Надзор дают, потому что хотят ограничить мою политическую деятельность. Там есть пунктик с запретом на присутствие и участие в массовых мероприятиях. Это значит, что я не смогу участвовать в митингах, шествиях, гуляниях на Масленицу, в футбол не смогу поиграть, может, и до этого дойдет, на родительское собрание, может, не смогу пойти.

У этого пункта очень широкое толкование. Сидеть дома с 11 вечера до шести утра, не уезжать без разрешения из Москвы, три раза в месяц ставить галочку в местном отделе полиции, что я никуда не убежал, что я здесь. Это достаточно сильно ограничивает деятельность. Я буду это обжаловать, а если не получится, это еще раз докажет, что я, сам того не ожидая, стал каким-то суперкрутым врагом для системы.

Освобождение. «Не надо попадать в тюрьму, но и нельзя ее бояться»

Обычно зеков освобождают после 12 часов дня, а ко мне в шесть утра залетели, сказали собираться, билет на самолет купили — едь, говорят, в аэропорт. Проморозили меня в шмон-комнате, залезли в письма, у меня их около 400, они каждое просмотрели.

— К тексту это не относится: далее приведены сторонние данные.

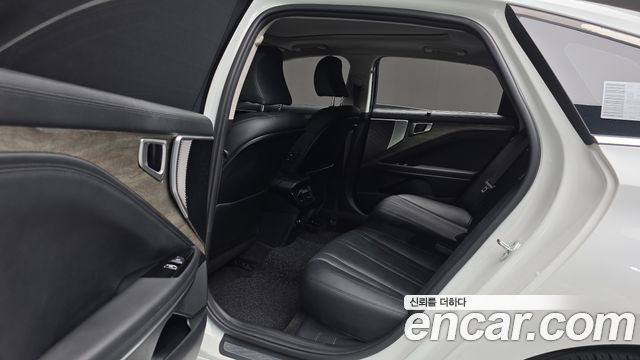 Kia K8 2.5 Gasoline 2WD Noblesse 2022 — фото 16
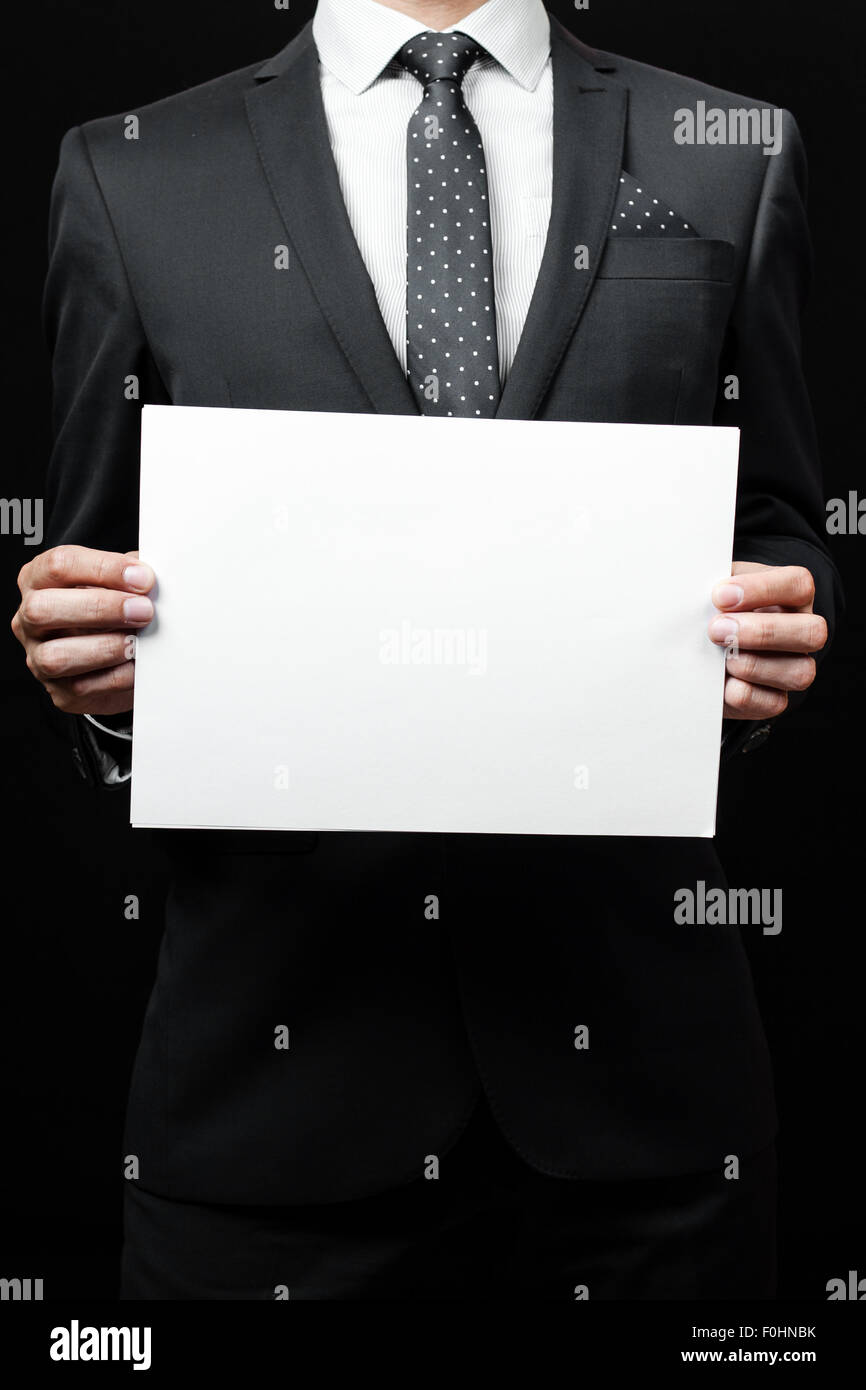 Business man holding un document Banque D'Images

Вышел не за ворота, а в шлюз, где автозаки останавливаются.

Там черный Ford стоит, два человека солидного вида. Я сразу понял, с какой они организации. Уточнил, они ответили, что с общественной. Мы посмеялись над такой хорошей шуткой. Я им сказал: «Поехали в Иркутск». Они говорят: «Давай отвезем куда тебе надо, только поговори с нашими коллегами из Центра по борьбе с экстремизмом». Они меня довезли до города. Этих бесед тысячу было, они в лагере происходили, до лагеря происходили. Одни и те же беседы: «Чем ты будешь заниматься и кто твои друзья?». Да если бы я знал после трех лет отсидки, чем я буду заниматься! Хотя знаю: ведь в тюрьме только и остается думать, чем ты будешь заниматься на воле. Они мне дали напутствие, не помню дословно, но суть такая: «Не лезь».

Не умеешь общаться с легавыми, лучше не общайся. Завели уголовное дело — борись за свою свободу. Закрыли — не значит, что борьба за твою свободу кончилась. Тебя ограничивают стенами, ограничивают в общении, но и в тюрьме можно оставаться свободным. Это сложно понять, но это так. Не надо попадать в тюрьму, но и нельзя ее бояться.

На воле хорошо. Пока особо ничего не поменялось, только относительная физическая свобода ощущается. Может, у меня шок эмоционально-культурный, слишком много людей, лиц незнакомых. Чувствую себя адекватно — думал, что меня начнет шатать.

Пока в России, дома, буду работать и жить. Так же в точности, как раньше. Надеюсь, мало что изменится. Сам по себе я жизнерадостный человек. Поэтому убежден, что в конце концов все закончится революционным карнавалом, и мы победим, наконец, «фашизм» во всех его проявлениях. Уже до конца.